My environmental writing class had an absolutely wonderful morning chatting on Zoom with Dr. Robin Wall Kimmerer, author of Braiding Sweetgrass, about ecology and the writing process. Everyone's questions were great, and her responses were moving! Quick recap thread:
Dr. Kimmerer is a botanist, not a writer, by training. She suggested that scientific language can sometimes limit us by asserting there are right answers to describe something rather than letting us attune to the subject, such as a bee or flower, that we're interested in.
To describe her writing process, she said it's like pruning her grapevines. Too many branches and tangles won't allow the sun to ripen the fruit. Which ideas will you prune away?
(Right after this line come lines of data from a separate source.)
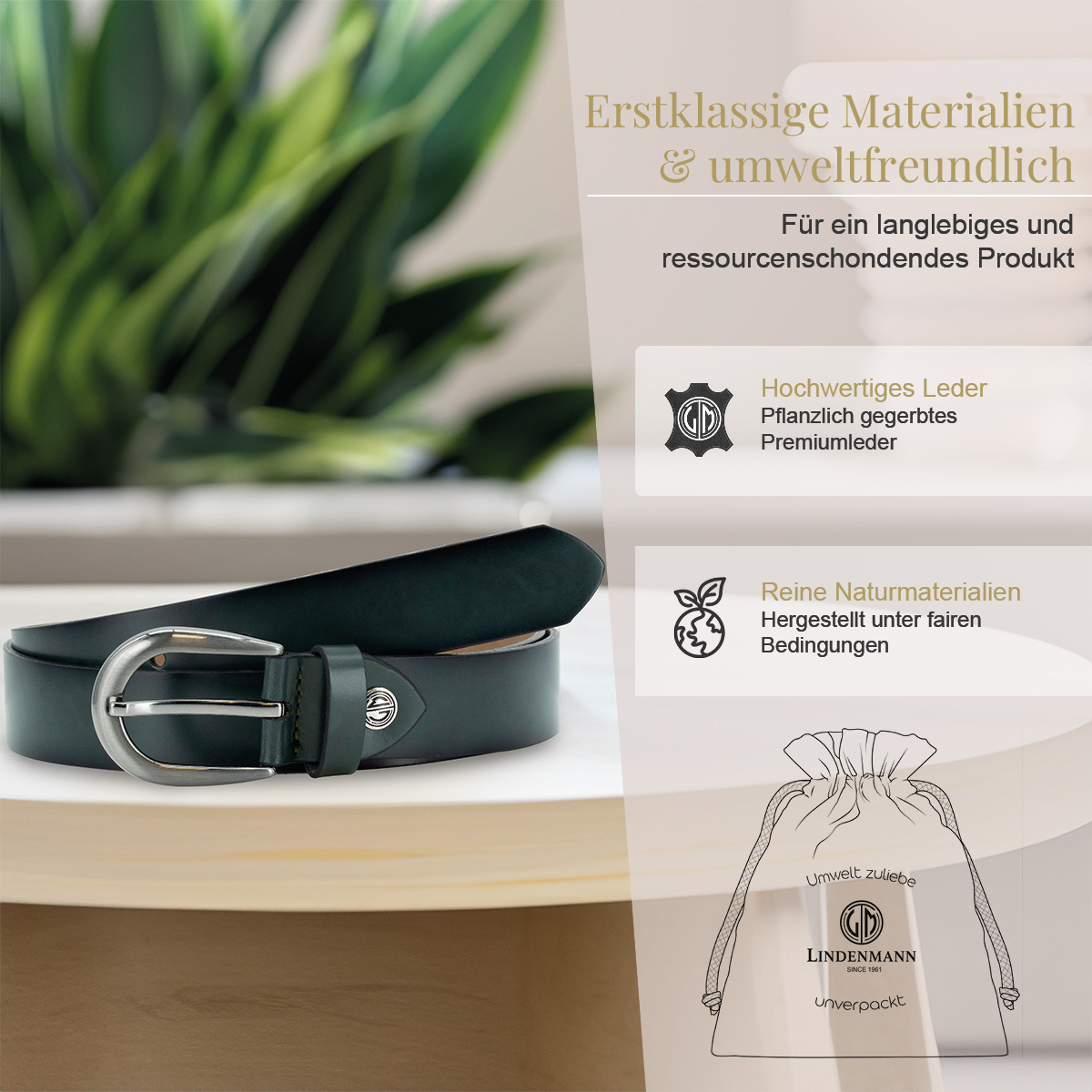 LINDENMANN Rindsleder Damengürtel Dunkelgrün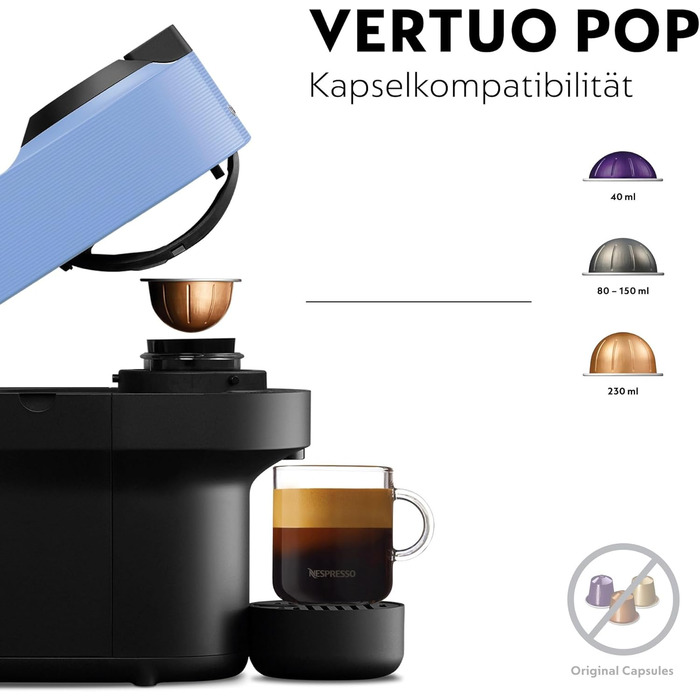 Кавомашина Nespresso Vertuo Pop ENV90.P: Cold Brew, Bluetooth, 4 розміри чашок, без Aeroccino, Pacific Blue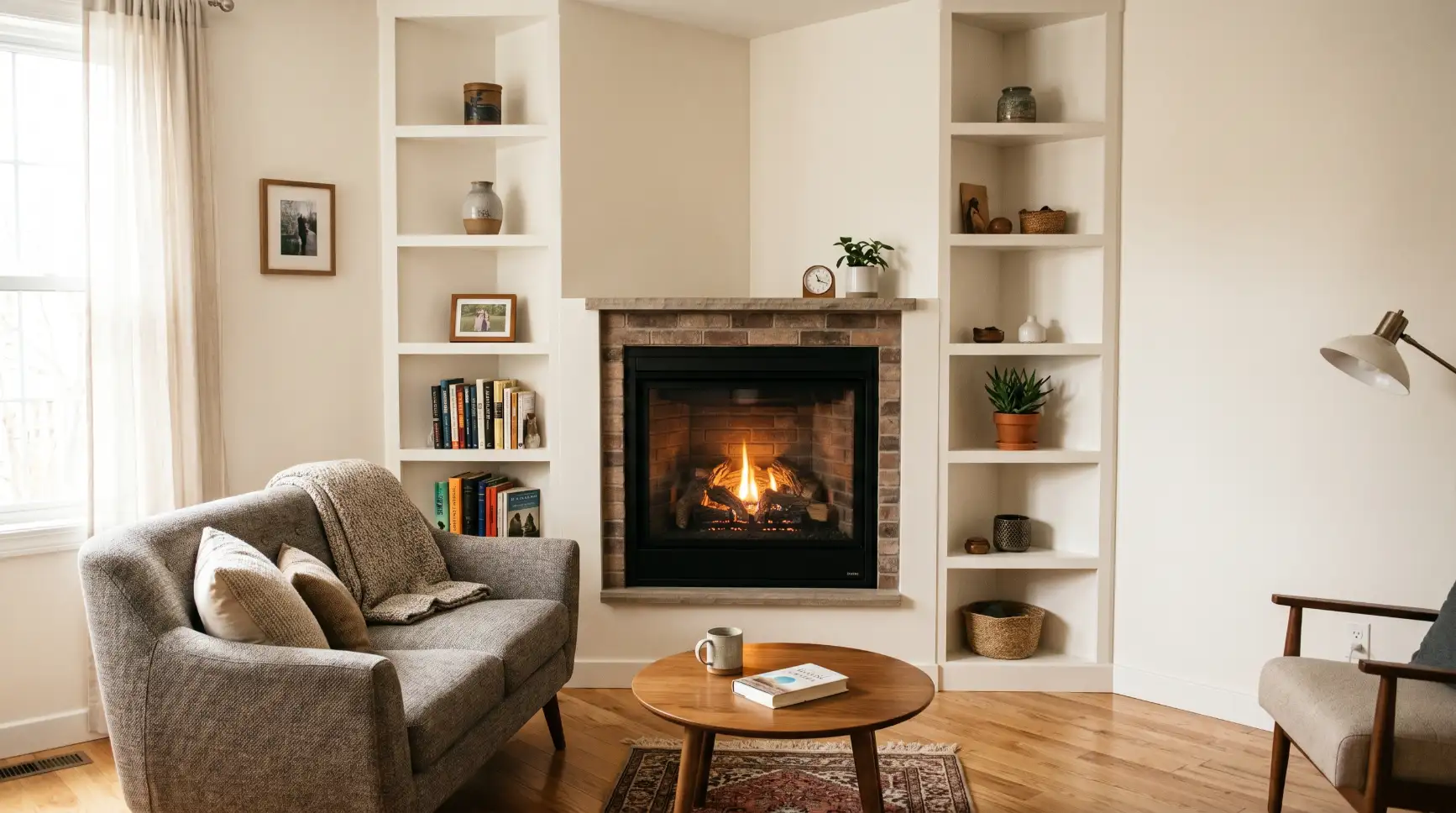 Compact Corner Fireplace for Small Rooms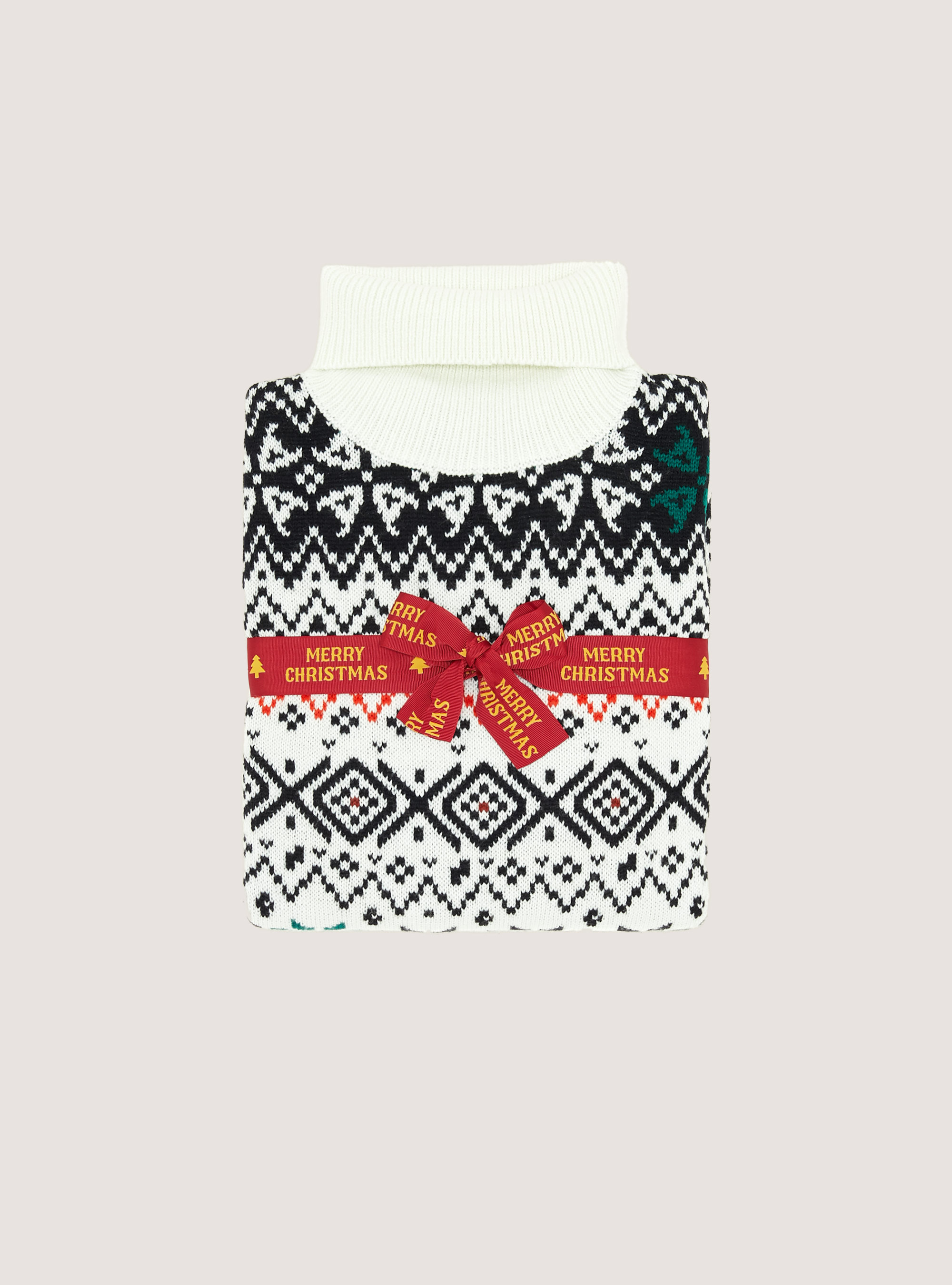 Pullover collo alto con fiocco di neve e abete, WHITE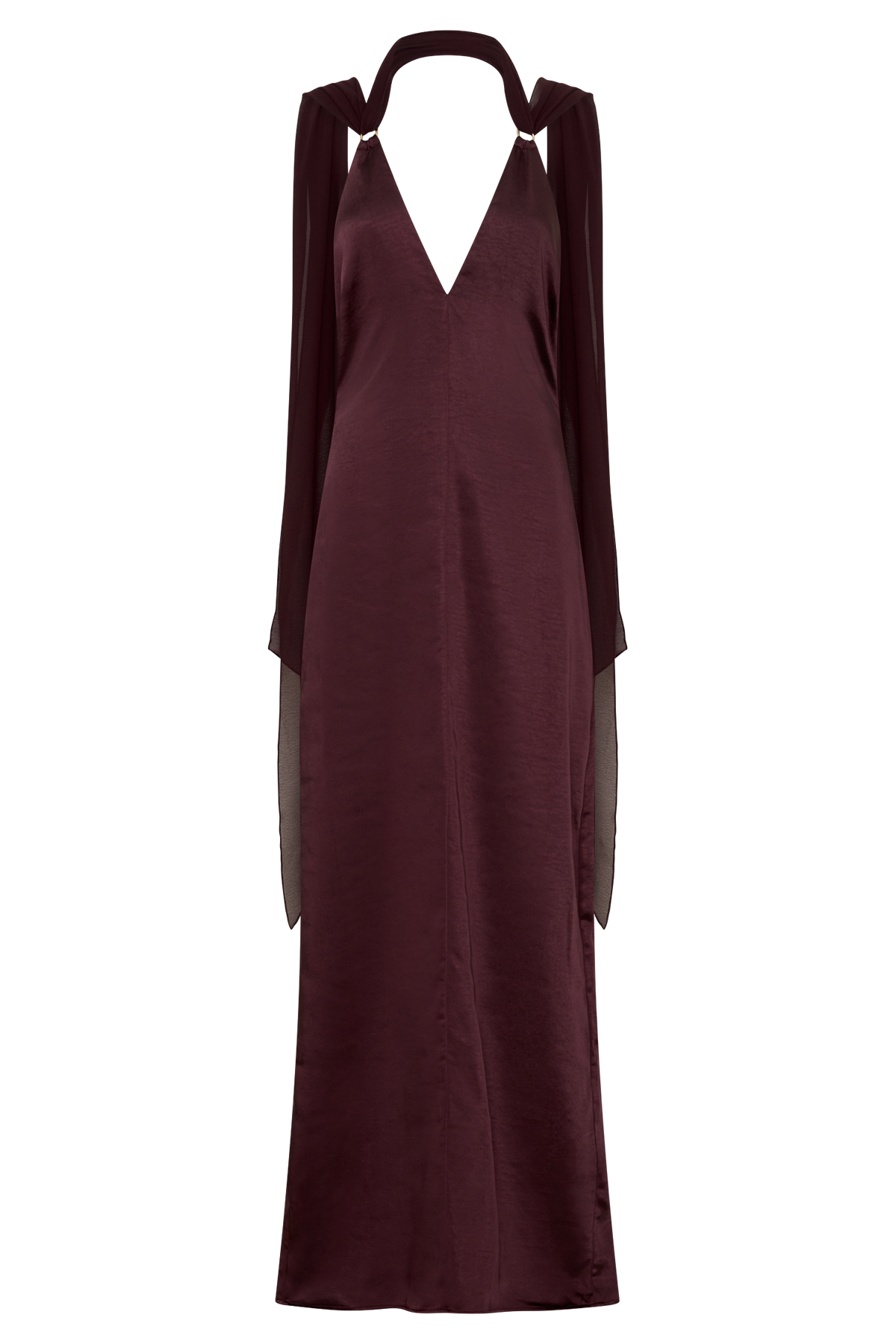 Myla Draped Shoulders Satin Maxi Dress - Chocolate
Which will you allow to flower and become sweet? I particularly loved this analogy.
An important question: how do we get people engaged with environmentalism? Kimmerer suggests we avoid apocalyptic language and hard data to focus on our own vulnerability, and use that to establish a sense of radical empathy with vulnerable species and habitats.
I asked her how we can avoid projecting ourselves and our own unique privileges onto our subject matter, and she responded that recognizing those privileges and being conscious of them can allow us to acknowledge it and be open about our own experiences and perspectives.
Finally, a point I found absolutely inspiring, there is a preciousness in how you see the world. Your unique perspective and lived experiences are enough, you don't need to be an authority on every subject. Understand that the way you see things is uniquely yours.
In conclusion, this Zoom chat made my entire week and I seriously almost cried it was such a great experience. I'm so grateful to my professor for setting this up! If you haven't read Kimmerer's books yet, I cannot recommend them enough.